[Collected data entries]
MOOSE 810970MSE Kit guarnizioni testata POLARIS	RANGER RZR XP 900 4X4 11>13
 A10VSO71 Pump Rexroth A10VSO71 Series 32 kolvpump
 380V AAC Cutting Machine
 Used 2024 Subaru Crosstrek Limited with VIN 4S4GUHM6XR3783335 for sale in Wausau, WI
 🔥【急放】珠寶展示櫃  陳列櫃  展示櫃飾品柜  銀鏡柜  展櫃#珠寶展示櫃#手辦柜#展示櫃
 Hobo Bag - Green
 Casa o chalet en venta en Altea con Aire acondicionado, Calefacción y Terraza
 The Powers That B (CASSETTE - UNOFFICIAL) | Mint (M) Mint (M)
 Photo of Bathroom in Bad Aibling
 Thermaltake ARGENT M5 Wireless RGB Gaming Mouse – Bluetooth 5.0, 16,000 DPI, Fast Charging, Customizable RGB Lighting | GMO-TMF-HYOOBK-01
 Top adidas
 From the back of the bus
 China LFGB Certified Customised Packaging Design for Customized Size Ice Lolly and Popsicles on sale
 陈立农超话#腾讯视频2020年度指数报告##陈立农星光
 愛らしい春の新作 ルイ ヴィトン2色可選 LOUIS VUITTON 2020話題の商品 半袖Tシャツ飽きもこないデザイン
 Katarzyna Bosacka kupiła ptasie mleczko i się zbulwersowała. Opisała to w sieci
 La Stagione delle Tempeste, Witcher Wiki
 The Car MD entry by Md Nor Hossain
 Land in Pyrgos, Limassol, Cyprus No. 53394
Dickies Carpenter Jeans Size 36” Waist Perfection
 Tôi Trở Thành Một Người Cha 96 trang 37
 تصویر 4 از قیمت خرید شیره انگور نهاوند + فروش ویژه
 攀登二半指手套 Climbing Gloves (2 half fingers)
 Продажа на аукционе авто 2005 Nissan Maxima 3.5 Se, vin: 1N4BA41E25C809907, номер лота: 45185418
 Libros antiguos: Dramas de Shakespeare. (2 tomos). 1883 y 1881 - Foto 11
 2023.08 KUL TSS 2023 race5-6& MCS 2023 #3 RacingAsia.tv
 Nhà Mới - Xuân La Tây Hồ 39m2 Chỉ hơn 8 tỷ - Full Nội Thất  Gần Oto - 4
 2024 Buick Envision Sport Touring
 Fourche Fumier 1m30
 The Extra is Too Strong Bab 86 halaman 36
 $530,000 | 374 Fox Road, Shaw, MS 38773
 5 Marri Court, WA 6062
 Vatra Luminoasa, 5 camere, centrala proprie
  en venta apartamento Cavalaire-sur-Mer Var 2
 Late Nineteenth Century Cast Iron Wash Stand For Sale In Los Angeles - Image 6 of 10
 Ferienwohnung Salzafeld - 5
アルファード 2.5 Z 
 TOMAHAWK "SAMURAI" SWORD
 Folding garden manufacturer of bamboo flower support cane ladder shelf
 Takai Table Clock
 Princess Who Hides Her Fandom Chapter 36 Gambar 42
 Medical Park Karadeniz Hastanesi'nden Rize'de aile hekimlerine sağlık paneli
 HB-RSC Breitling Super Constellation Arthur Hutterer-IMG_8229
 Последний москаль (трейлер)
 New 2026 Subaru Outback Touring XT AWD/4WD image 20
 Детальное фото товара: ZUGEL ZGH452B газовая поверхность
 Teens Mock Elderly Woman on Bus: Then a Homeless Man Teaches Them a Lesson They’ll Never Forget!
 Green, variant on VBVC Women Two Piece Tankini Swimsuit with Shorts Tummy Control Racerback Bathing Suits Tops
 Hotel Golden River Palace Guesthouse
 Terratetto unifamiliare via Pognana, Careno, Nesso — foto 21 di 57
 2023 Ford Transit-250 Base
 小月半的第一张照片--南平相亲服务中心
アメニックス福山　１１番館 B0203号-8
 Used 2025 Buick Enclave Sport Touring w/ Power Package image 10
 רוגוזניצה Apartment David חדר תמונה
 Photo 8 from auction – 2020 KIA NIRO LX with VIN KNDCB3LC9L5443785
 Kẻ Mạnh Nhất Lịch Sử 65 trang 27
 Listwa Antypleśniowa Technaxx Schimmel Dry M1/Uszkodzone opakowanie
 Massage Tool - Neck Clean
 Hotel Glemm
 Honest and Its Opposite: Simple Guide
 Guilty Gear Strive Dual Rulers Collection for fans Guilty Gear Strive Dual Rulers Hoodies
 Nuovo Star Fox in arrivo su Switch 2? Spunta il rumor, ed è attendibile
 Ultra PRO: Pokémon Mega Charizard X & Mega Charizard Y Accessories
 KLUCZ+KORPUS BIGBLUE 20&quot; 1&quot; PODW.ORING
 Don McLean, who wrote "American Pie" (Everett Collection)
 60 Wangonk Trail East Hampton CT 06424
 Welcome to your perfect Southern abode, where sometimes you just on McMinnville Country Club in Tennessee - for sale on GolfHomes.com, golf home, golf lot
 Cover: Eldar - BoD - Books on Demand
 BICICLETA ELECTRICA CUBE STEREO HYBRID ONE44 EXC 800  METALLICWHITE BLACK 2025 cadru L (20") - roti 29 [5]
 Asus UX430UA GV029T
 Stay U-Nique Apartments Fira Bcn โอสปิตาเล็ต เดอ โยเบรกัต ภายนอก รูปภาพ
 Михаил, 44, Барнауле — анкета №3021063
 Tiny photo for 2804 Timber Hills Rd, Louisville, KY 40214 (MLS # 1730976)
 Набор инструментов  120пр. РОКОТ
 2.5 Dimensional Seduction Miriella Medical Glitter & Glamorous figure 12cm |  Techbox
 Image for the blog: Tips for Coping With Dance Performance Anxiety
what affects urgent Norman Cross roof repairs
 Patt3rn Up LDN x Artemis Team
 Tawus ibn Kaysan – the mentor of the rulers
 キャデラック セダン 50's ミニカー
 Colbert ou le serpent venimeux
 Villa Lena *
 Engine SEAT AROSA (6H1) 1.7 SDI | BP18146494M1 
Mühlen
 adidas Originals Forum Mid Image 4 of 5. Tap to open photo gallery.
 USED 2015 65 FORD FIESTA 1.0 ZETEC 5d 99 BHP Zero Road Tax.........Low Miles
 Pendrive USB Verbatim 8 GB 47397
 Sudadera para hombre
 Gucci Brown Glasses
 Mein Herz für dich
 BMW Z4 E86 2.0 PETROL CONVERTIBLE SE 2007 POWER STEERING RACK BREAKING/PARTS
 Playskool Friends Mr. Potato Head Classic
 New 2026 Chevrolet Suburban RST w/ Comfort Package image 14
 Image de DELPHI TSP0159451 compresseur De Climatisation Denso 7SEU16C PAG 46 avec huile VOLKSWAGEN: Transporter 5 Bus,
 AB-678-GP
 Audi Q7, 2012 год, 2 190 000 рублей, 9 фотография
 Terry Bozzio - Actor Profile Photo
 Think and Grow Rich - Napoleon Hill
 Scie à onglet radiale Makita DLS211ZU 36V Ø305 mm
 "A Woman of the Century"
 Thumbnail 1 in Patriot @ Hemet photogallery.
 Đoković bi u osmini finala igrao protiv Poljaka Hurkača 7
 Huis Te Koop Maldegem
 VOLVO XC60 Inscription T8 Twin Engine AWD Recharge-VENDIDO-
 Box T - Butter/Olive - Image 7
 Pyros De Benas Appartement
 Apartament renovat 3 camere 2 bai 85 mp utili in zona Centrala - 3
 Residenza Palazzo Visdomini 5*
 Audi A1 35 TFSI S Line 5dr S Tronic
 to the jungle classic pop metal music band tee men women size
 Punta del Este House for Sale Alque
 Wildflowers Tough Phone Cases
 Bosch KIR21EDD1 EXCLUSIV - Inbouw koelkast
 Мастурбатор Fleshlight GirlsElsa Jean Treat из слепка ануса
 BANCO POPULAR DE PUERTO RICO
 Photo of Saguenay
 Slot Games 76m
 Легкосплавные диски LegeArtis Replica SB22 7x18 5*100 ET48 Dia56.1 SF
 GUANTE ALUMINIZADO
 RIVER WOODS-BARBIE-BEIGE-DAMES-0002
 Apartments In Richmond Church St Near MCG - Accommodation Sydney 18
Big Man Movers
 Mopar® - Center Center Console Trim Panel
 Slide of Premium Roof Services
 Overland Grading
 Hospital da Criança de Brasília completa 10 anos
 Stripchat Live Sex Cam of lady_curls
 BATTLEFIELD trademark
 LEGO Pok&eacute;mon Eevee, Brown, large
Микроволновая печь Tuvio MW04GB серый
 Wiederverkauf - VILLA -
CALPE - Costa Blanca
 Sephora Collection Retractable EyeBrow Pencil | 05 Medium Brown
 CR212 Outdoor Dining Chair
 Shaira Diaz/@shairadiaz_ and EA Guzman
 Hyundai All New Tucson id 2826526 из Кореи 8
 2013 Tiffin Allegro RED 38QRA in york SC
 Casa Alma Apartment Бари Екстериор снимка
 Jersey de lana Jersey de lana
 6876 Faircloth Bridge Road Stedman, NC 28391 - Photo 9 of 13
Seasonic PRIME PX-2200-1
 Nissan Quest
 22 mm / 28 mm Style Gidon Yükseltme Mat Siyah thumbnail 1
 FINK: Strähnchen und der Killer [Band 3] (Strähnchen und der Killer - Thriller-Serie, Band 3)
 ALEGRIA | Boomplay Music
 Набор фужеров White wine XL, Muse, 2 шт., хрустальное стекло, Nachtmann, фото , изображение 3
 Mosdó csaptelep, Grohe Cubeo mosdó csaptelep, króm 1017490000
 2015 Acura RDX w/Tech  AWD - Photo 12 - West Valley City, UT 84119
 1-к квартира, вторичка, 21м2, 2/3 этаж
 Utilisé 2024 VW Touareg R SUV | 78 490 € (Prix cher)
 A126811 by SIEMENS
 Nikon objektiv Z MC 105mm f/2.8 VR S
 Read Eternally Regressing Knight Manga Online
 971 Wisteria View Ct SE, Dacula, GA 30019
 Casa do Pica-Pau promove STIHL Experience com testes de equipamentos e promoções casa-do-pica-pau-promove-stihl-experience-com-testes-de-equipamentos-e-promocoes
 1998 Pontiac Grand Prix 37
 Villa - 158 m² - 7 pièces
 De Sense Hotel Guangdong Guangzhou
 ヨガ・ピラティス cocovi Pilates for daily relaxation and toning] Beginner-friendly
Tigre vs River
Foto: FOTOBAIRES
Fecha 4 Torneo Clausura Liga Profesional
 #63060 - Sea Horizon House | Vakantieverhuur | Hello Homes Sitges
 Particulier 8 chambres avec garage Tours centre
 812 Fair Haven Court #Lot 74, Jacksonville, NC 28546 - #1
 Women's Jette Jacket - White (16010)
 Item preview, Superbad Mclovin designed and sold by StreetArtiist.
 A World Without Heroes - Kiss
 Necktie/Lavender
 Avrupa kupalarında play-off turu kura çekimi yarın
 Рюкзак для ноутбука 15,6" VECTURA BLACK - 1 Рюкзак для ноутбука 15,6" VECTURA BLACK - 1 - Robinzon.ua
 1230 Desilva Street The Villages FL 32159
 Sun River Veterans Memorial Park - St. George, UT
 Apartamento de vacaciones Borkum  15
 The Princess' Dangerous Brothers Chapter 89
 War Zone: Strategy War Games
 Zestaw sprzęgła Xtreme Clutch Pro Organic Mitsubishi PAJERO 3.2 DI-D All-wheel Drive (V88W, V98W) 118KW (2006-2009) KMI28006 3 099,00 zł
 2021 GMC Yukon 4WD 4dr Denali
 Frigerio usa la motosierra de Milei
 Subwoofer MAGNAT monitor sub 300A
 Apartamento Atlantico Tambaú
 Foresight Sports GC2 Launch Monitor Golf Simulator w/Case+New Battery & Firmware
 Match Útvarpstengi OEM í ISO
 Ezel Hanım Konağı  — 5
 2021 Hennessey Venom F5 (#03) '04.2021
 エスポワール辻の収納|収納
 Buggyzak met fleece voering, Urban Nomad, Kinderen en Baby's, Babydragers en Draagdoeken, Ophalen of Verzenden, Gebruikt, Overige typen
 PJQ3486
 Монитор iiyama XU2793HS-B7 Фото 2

- [Work required]
Once you find the line with "Ferienwohnung Salzafeld - 5" in the entries above, output it and each line after it up to and including the line with "Medical Park Karadeniz", and nothing else.

- [Task solution]
 Ferienwohnung Salzafeld - 5
アルファード 2.5 Z 
 TOMAHAWK "SAMURAI" SWORD
 Folding garden manufacturer of bamboo flower support cane ladder shelf
 Takai Table Clock
 Princess Who Hides Her Fandom Chapter 36 Gambar 42
 Medical Park Karadeniz Hastanesi'nden Rize'de aile hekimlerine sağlık paneli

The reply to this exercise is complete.